私のような絶世の美少女が彼の周りにいるとなれば、当然母親としては気が気ではないはずだ。



そう考えながら私は家に上がった。




部屋の中は、まるで生活感を感じさせないような美しさがあった。

機能美を重視させるために、あえて『散らかっているように見せている』私の部屋とはまるで対極にある。



「……凄い綺麗な部屋ですわね……」

「母さんがいつも掃除しているからね……」



なるほど、自分が完璧主義だからこそそれを北斗さんにも求めるのか。

そのように考えると、彼のお母さまがどれだけ、北斗さんのために心を割いているのかはよくわかる。

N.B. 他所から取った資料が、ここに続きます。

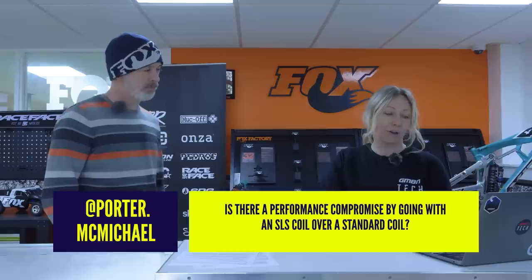Porter McMichael asks: is there a performance compromise going with an SLS coil over a standard coil? The SLS springs are really just about saving weight — SLS stands for Super Light Steel. It's a lighter way of using a coil spring over a standard steel coil spring — just about weight saving and optimizing performance. On a human-powered vehicle, if it's lighter the power-to-weight ratio increases. It's marginal, but if you're looking for marginal gains, it helps. They also come in orange, which looks cool. In theory it should feel different on a lighter spring, but in reality you're not going to notice it — the difference is very marginal.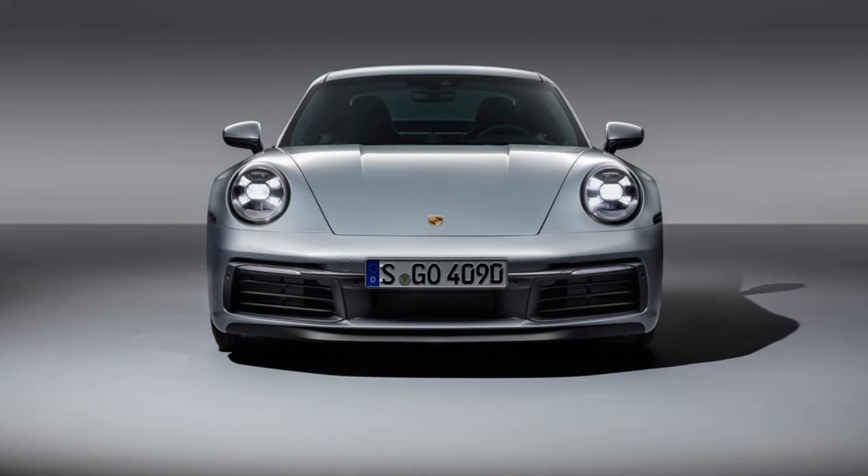Ladies and gentlemen, is it possible to improve on perfection? Well, apparently it is, because the 911 has been basically one of the best daily sports cars since 1964, and Porsche just made it a whole lot better. Welcome to the Car5 Podcast. I'm your host, Joshua. Today, we're talking about the totally revamped Porsche 911.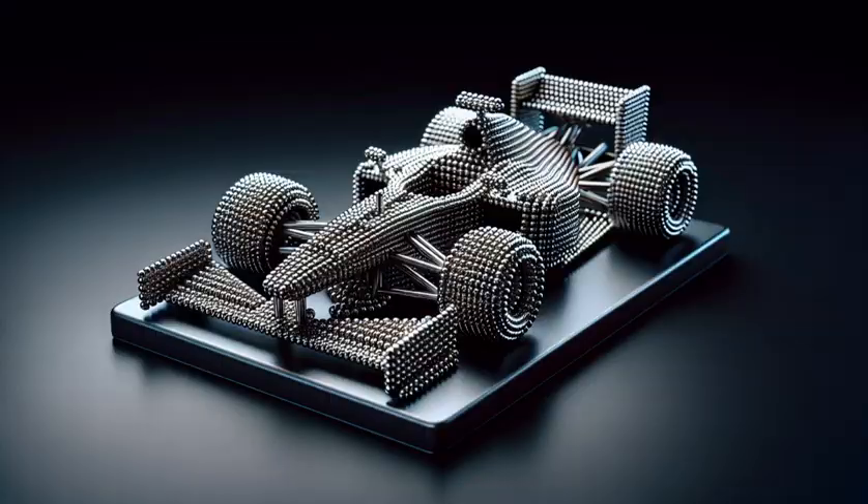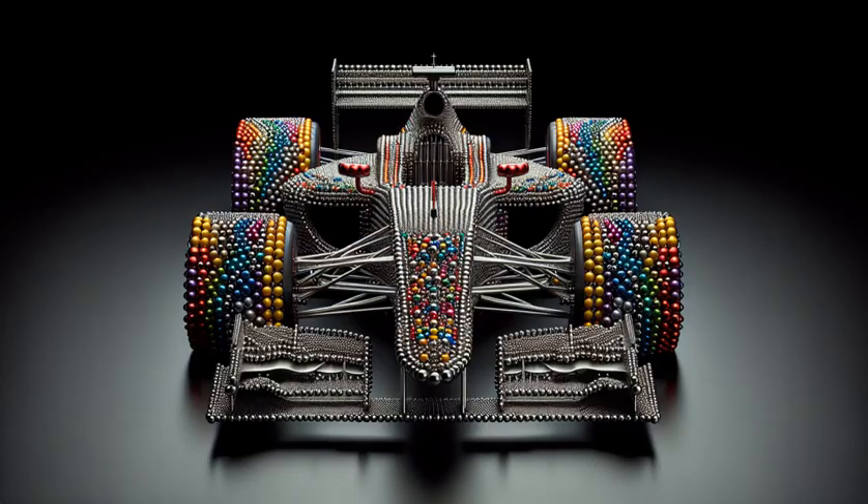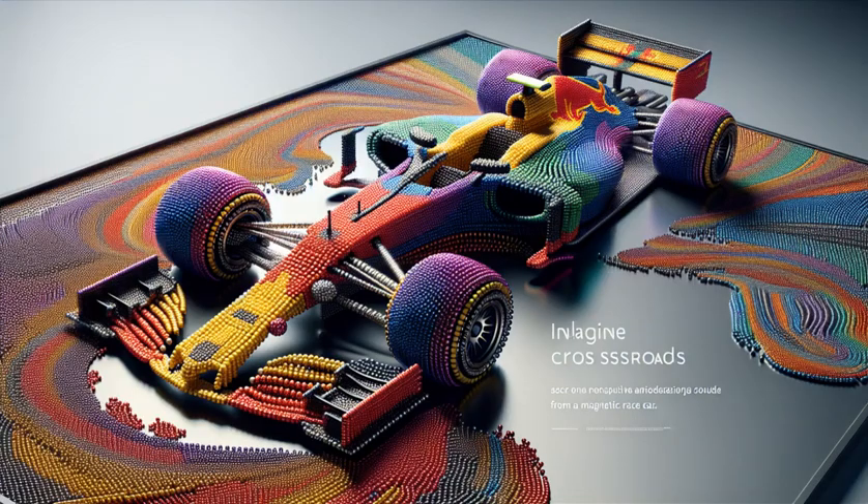Each ball clicks into place, shaping the sleek curves of an F1 car with precision. Witness the fusion of colors as they form the iconic chassis and aerodynamic wings. Get a close-up on the detailed cockpit, all magnetically pieced with meticulous care.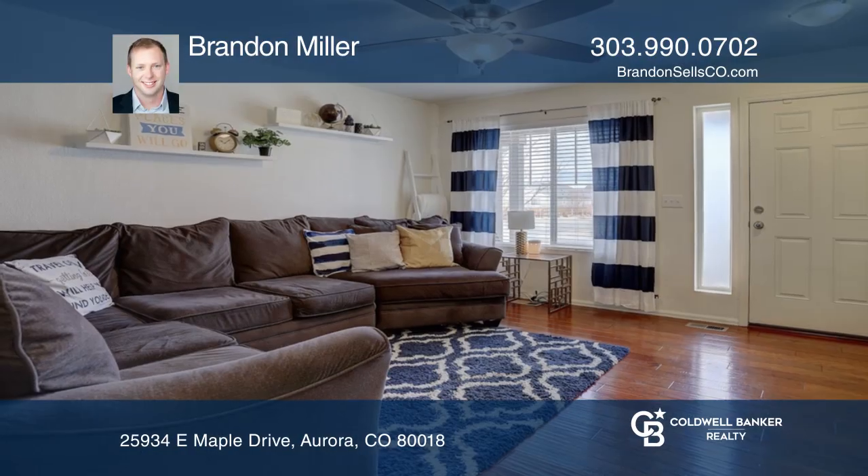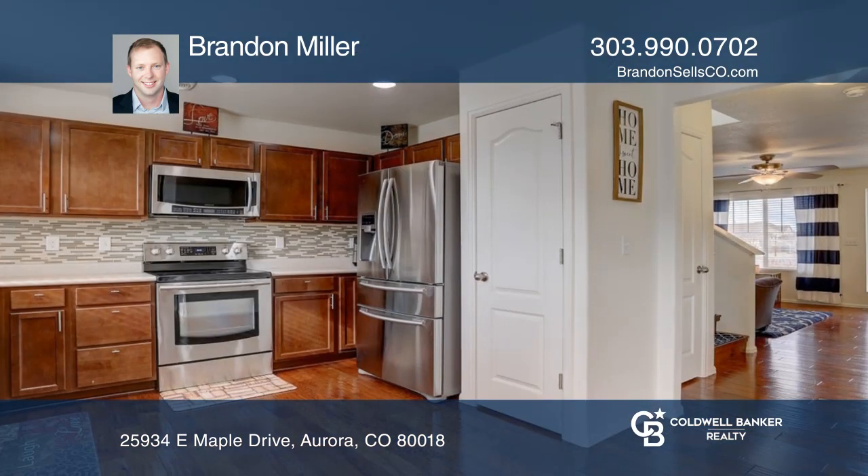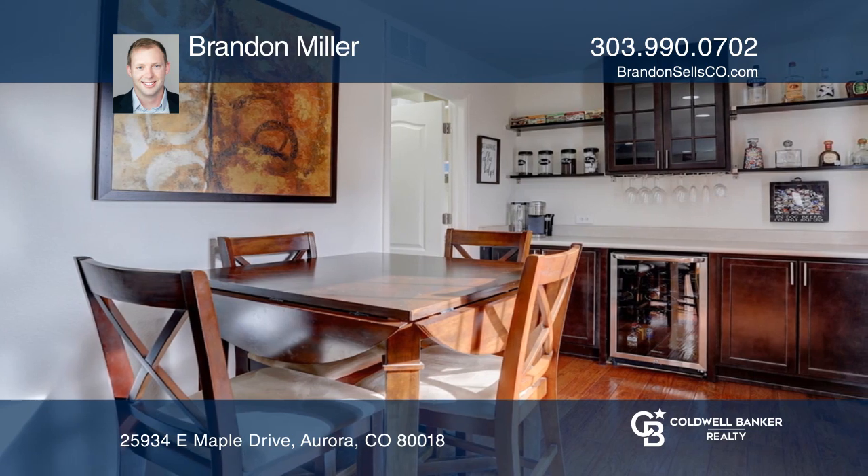This 3 bedroom, 2 and 1 half bath home sits on a large corner lot, directly across from one of the many parks throughout the neighborhood. The master bedroom features an en suite and a large walk-in closet.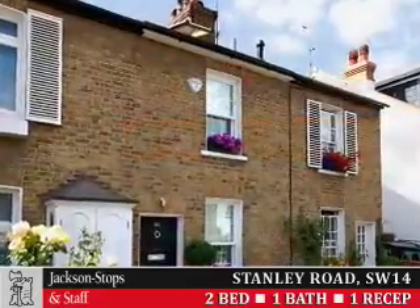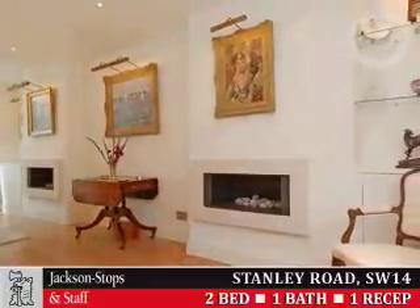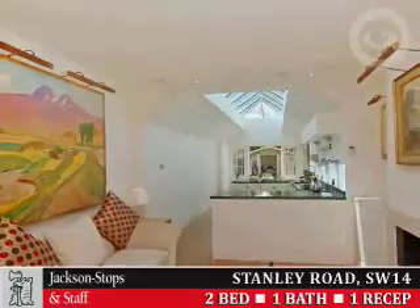Jackson Stops and Staff are delighted to introduce to the market a mid-terrace, park-side Victorian cottage, totally remodelled and refurbished to an extremely high standard and a contemporary style throughout.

……だが問題になるのは、そもそも家庭というものは『家族が心から安らげる場所』でなければならないということだ。


北斗さんがこのピカピカの家ではなく『この美しい私との会話の時間』を唯一のよりどころとしているのであれば、それは少し悲しくなる。



「ただいま……北斗、帰っていたか」


そう考えていると、くたびれた男性の声が聞こえてきた。



「あれ、珍しいね父さん。おかえり」

「ああ。ご飯は食べたか?」

「ううん、これからだよ」



彼は確か、普段は単身赴任をしている父親だったか。

北斗さんのお父様は、北斗さんによく似た、※凡庸な容姿をしている。

(朱美がそう思っているだけで、彼もまた超美形な相貌です)



「お客さんか、珍しいな……」

「ええ。日野本朱美と申します。はじめまして」

「ああ、君が噂の天才少女か……凄いな、北斗と友達なんだな」

「勿論ですわ? 北斗さんにはいつも良くしていただいてますもの!」



こうやって、私は目下のものである北斗さんを立てることも忘れない。

10歳にして、こういう大人のたしなみが出来るのは、さすが人生2週目である私だからこそだ!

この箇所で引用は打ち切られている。